◆ WORK INSTRUCTIONS: Find the line with "Midas DL152 PRO Series 24-Output Stage Box" in the data below. Repeat it and every line after it up to the end, exactly, but drop the pictures.

== EXERCISE DATA

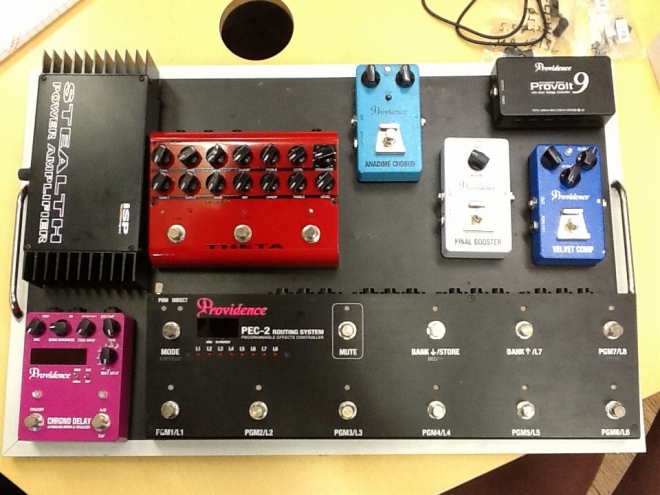 スイッチャー】定番、Providence「PEC-2」が価格改定でお求めやすく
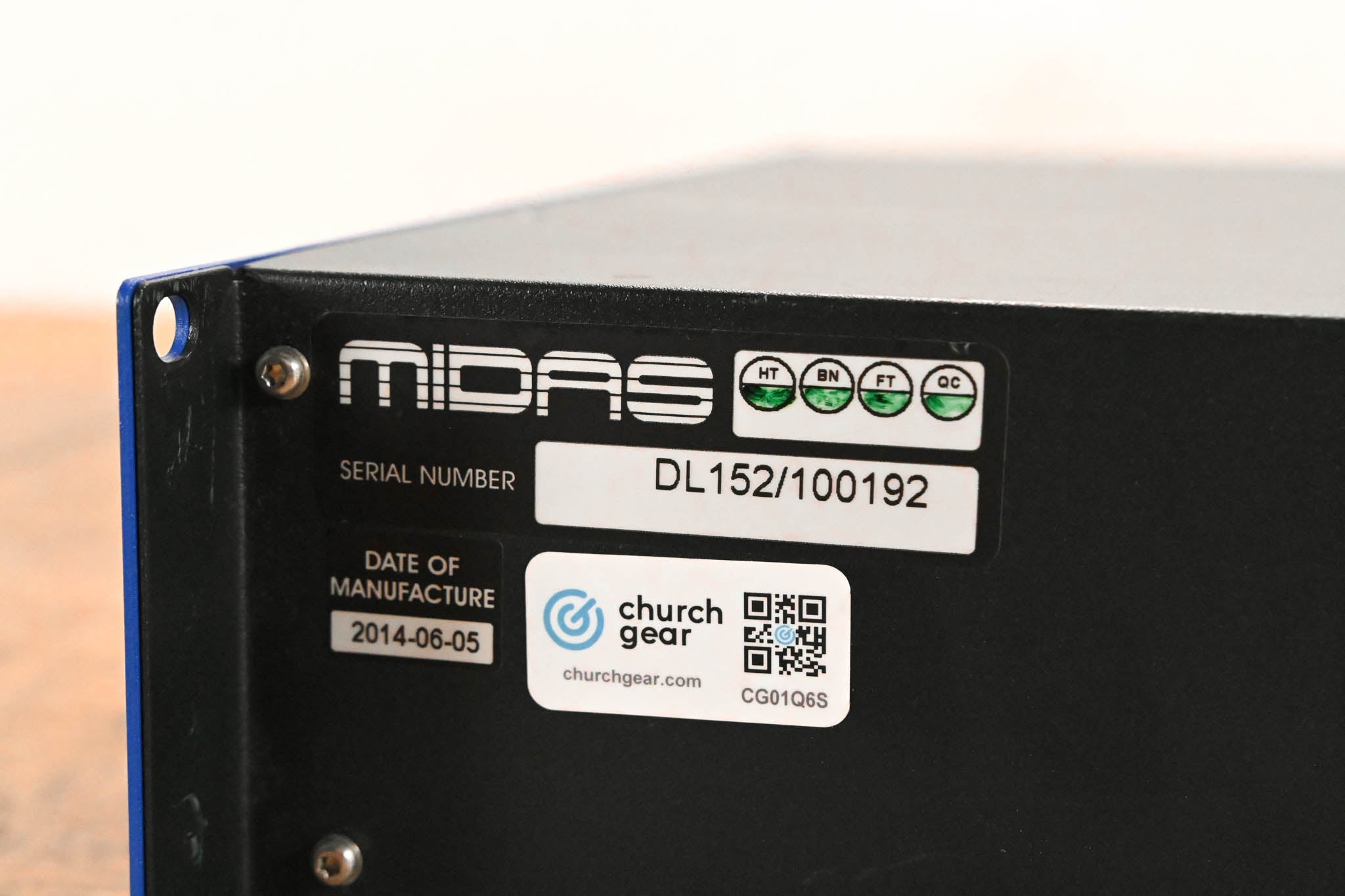 Midas DL152 PRO Series 24-Output Stage Box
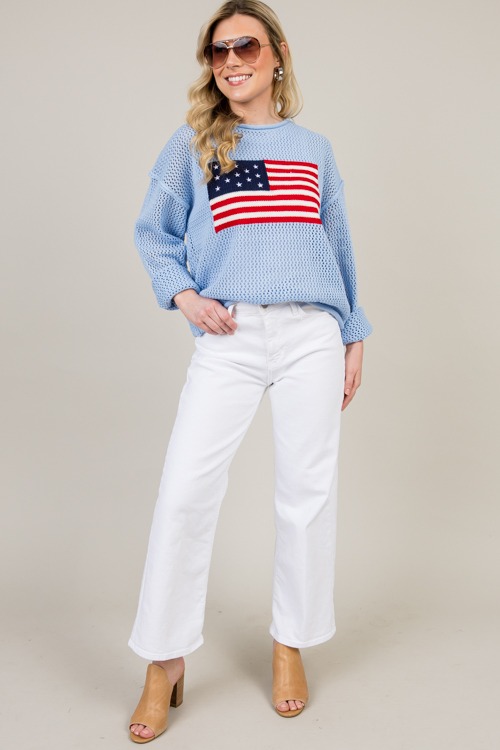 USA Flag Crochet Sweater, Powde - 0127-127.jpg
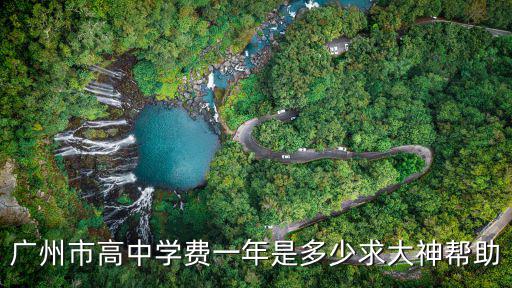 廣州市高中學費一年是多少求大神幫助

====

◆ ANSWER FOR THIS EXERCISE:
 Midas DL152 PRO Series 24-Output Stage Box
 USA Flag Crochet Sweater, Powde - 0127-127.jpg
 廣州市高中學費一年是多少求大神幫助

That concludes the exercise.